Add, alternating with the yeast mixture and scraping down the bowl between additions:
     1 3/4 cups all-purpose flour 

Beat on medium speed, replacing the paddle with a dough hook if desired, until the dough forms a uniform mass and pulls away a bit from the sides of the bowl.  Lightly grease a 9x13 glass baking pan and, when the dough is ready, pat and stretch it to fit the bottom of the pan.  Cover with plastic wrap and leave in a warm place to rise until doubled.  (Mine didn't rise well at all, which I blame on the crappy London weather – next time I'll create a warm space in my oven, and I won't be on such a time crunch.)

To make the topping

When the dough has risen, preheat the oven to 350F/175C and make the topping.  

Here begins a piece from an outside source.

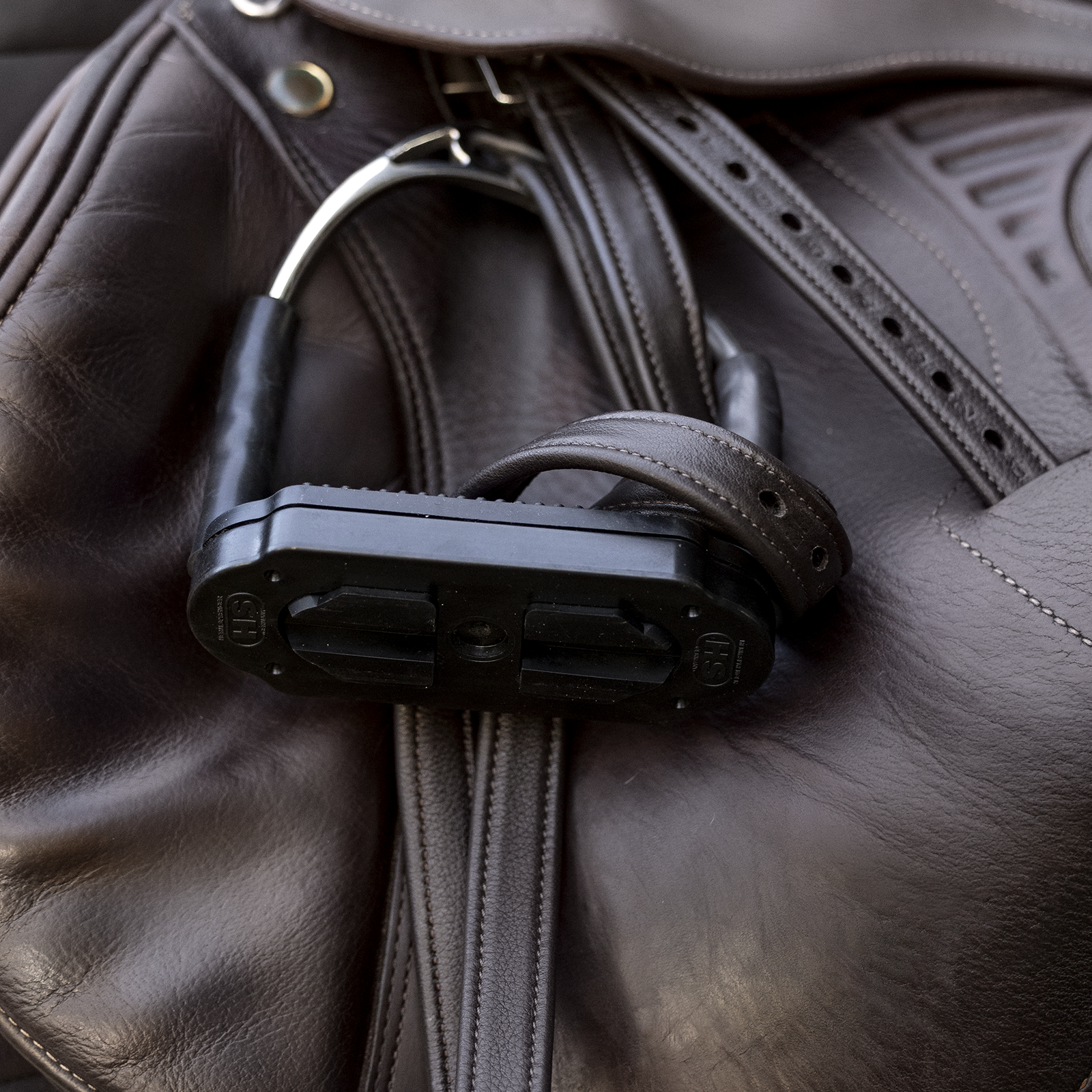 EQUEST Steigbügelriemen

In a small bowl, whisk until dissolved and set aside:
     2 tablespoons water
     3 tablespoons plus 1 teaspoon light corn syrup (or golden syrup)
     2 1/2 teaspoons vanilla extract

In a clean mixer bowl with a clean paddle, cream:
     12 tablespoons (1 1/2 sticks) unsalted butter, at room temperature
     1 1/2 cups sugar
     1/2 teaspoon kosher salt
Beat in:
     1 large egg

Add, alternating with the corn syrup mixture and scraping down the bowl between additions:
     1 cup plus 3 tablespoons all-purpose flour

Spoon the topping evenly over the risen dough and use a spatula to spread it into an even layer.  Bake for 30-45 minutes (mine was done at 30), until top is golden brown but still wobbly in the center.  Cool in the pan and sprinkle with powdered sugar.  (Obviously, I forgot this last bit – the bf even went and bought powdered sugar for me! – but I don't think it made much of a difference, besides visually.)